My question is, just say you are given the following events:

A = The first roll is a six
B = The last roll is a six
C = The first and last rolls are the same
D = The sum of ten rolls is eleven or less

Are events A and B independent?

Are events A and C independent?

Are events A and D independent?

If all the answers are yes, can someone explain why? I am a bit confused with the concept here.
 
Two events are independent if knowing one of them means you can't say anything additional about the probability of the other one of them.

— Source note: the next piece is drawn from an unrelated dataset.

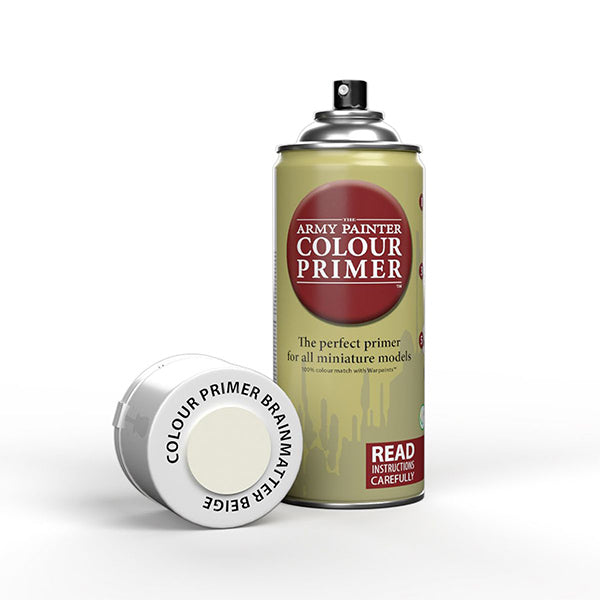 Army Painter Primer: Colour Brainmatter Beige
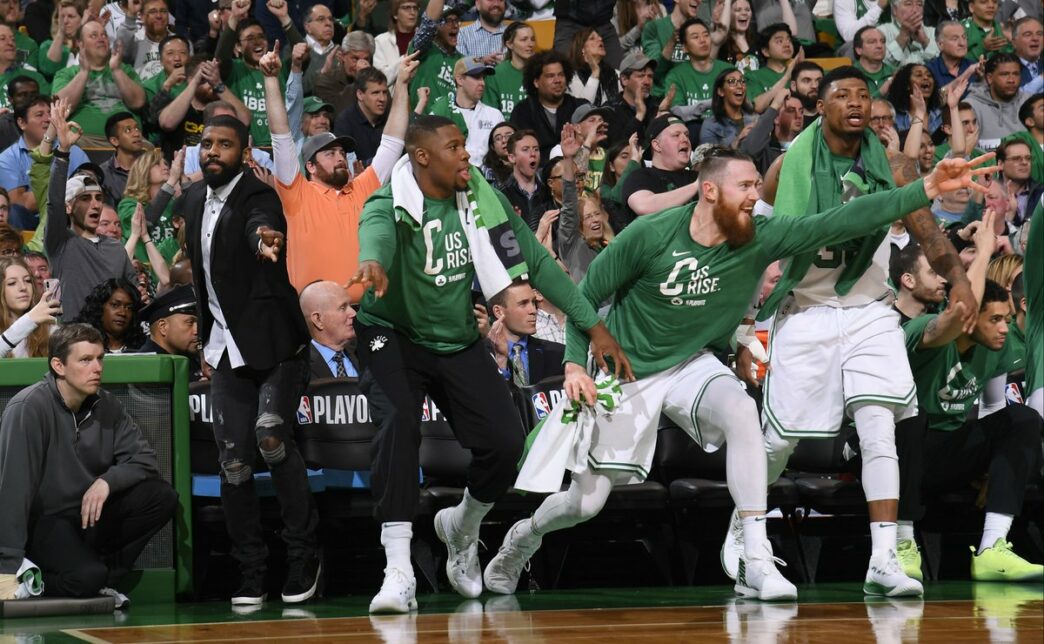 Les Boston Celtics reprennent l'avantage face aux Milwaukee Bucks !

A and B, and A and C, are independent, but A and D are not independent because if the first roll is a 6 it means that "the sum of ten rolls is eleven or less" is much less likely to happen (in fact it cannot happen).
 
A mathematical way to confirm this is,
show either,
P(X/Y) = P(X)
or
P(X n Y) = P(X)P(Y/X) or P(Y)P(X/Y)

if you can show any of the above as true then you are done.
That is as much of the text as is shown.